> [Problem to solve]
Leaving out the pictures, please retype each record exactly.

> [Records for the exercise]
________________________________________

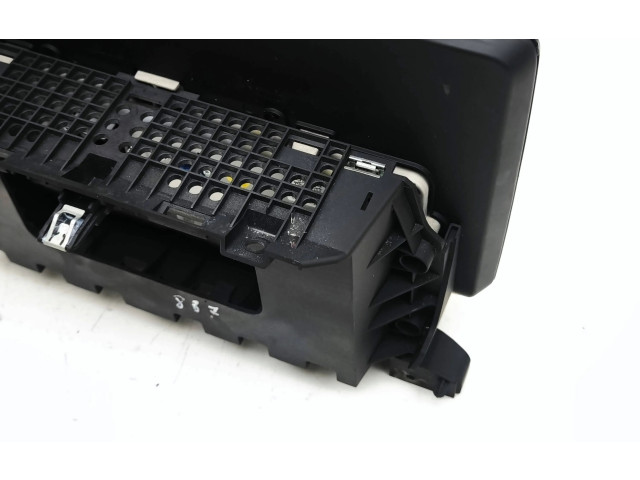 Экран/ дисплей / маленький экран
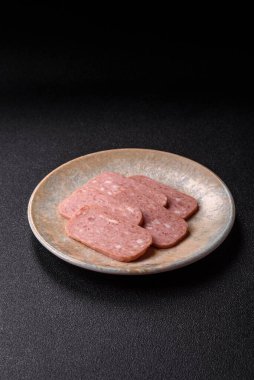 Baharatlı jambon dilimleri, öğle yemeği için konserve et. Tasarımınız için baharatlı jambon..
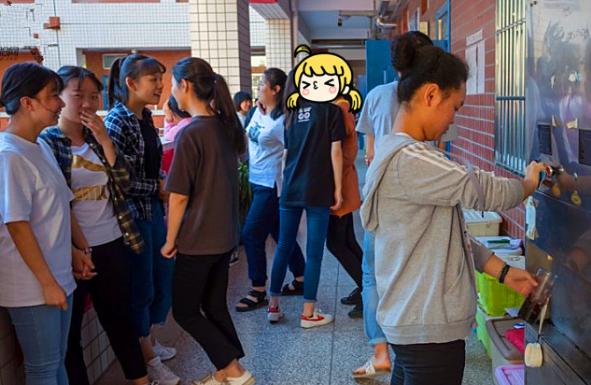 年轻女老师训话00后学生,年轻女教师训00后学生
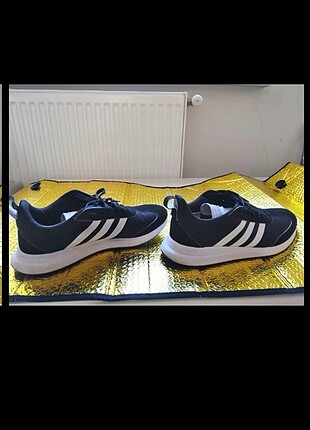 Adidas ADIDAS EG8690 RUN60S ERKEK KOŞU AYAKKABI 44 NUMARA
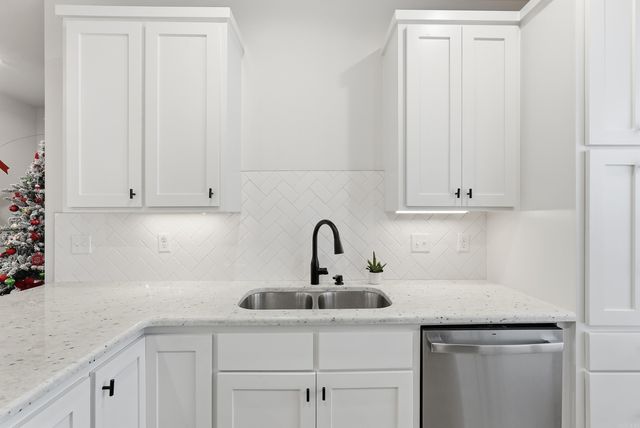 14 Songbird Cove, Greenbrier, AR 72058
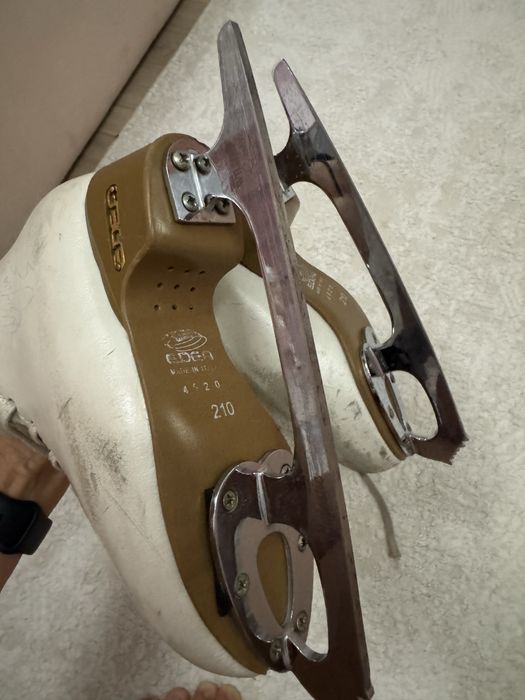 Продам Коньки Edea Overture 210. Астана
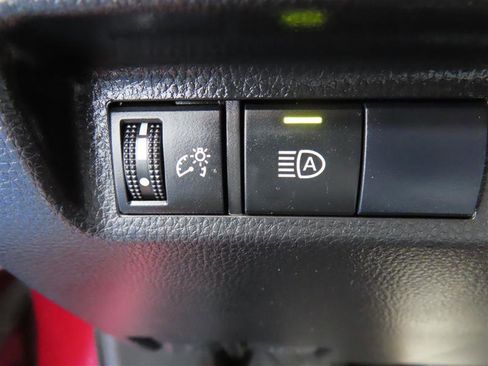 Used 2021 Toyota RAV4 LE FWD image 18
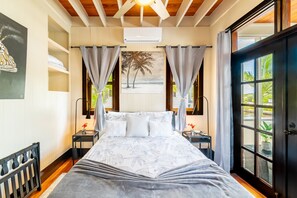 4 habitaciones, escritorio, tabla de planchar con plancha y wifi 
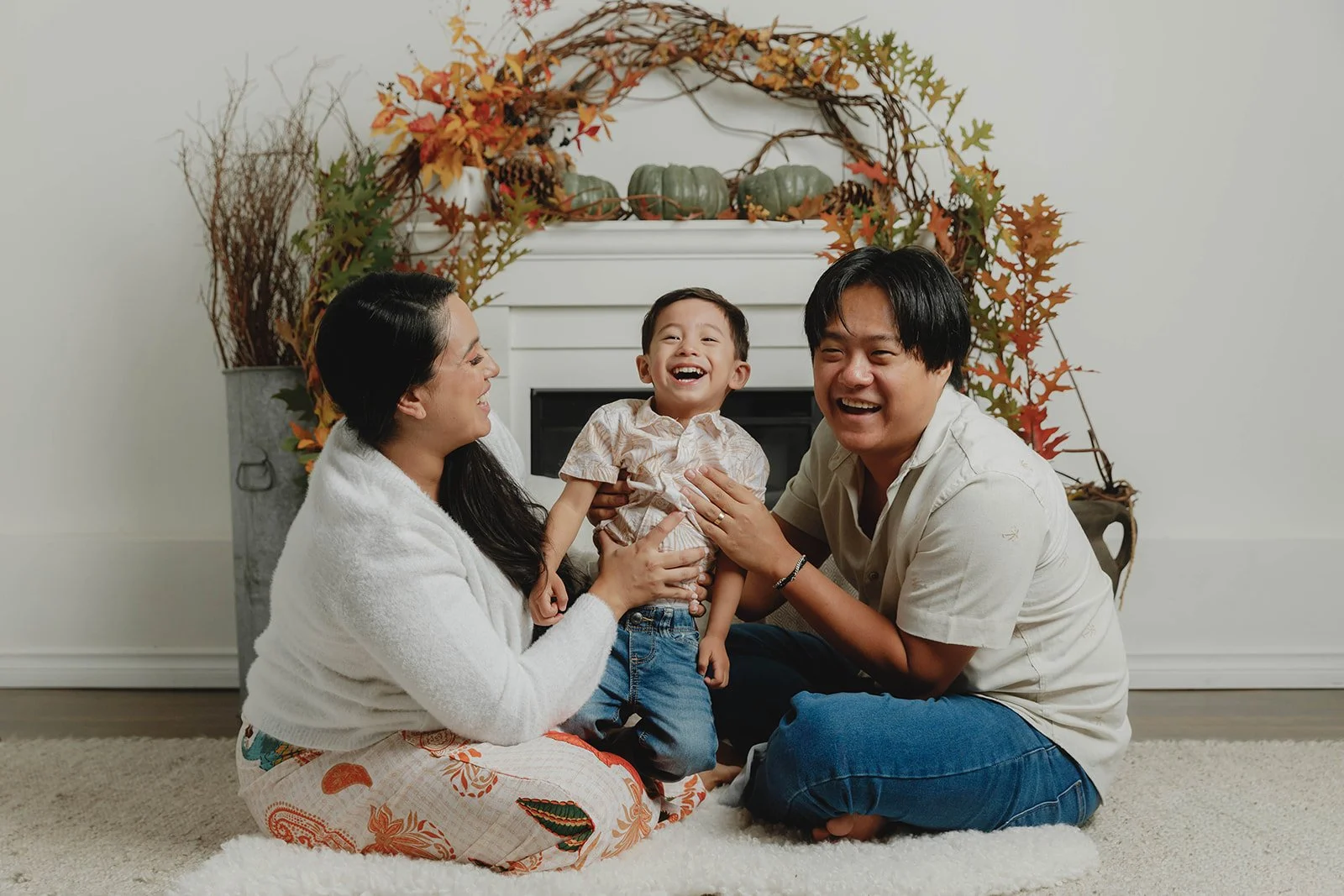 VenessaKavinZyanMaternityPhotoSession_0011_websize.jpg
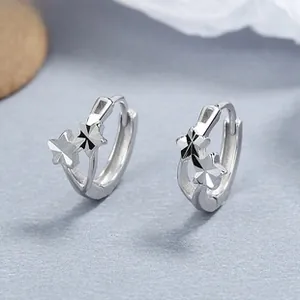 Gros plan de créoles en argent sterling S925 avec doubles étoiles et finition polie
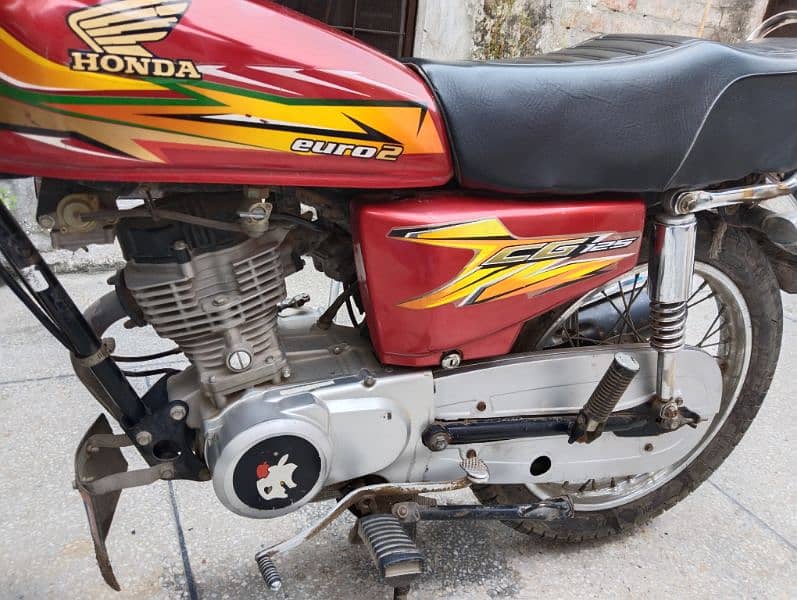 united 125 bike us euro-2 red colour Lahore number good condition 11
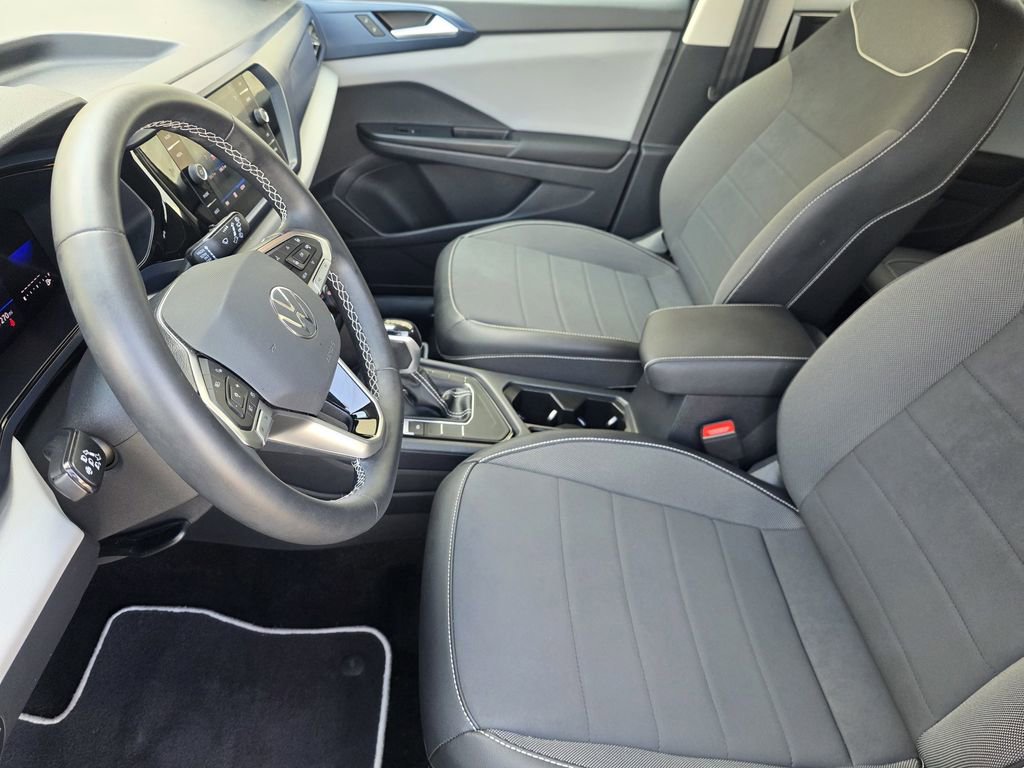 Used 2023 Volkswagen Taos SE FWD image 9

________________________________________

> [Output for this task]
 Экран/ дисплей / маленький экран
 Baharatlı jambon dilimleri, öğle yemeği için konserve et. Tasarımınız için baharatlı jambon..
 年轻女老师训话00后学生,年轻女教师训00后学生
 Adidas ADIDAS EG8690 RUN60S ERKEK KOŞU AYAKKABI 44 NUMARA
 14 Songbird Cove, Greenbrier, AR 72058
 Продам Коньки Edea Overture 210. Астана
 Used 2021 Toyota RAV4 LE FWD image 18
 4 habitaciones, escritorio, tabla de planchar con plancha y wifi 
 VenessaKavinZyanMaternityPhotoSession_0011_websize.jpg
 Gros plan de créoles en argent sterling S925 avec doubles étoiles et finition polie
 united 125 bike us euro-2 red colour Lahore number good condition 11
 Used 2023 Volkswagen Taos SE FWD image 9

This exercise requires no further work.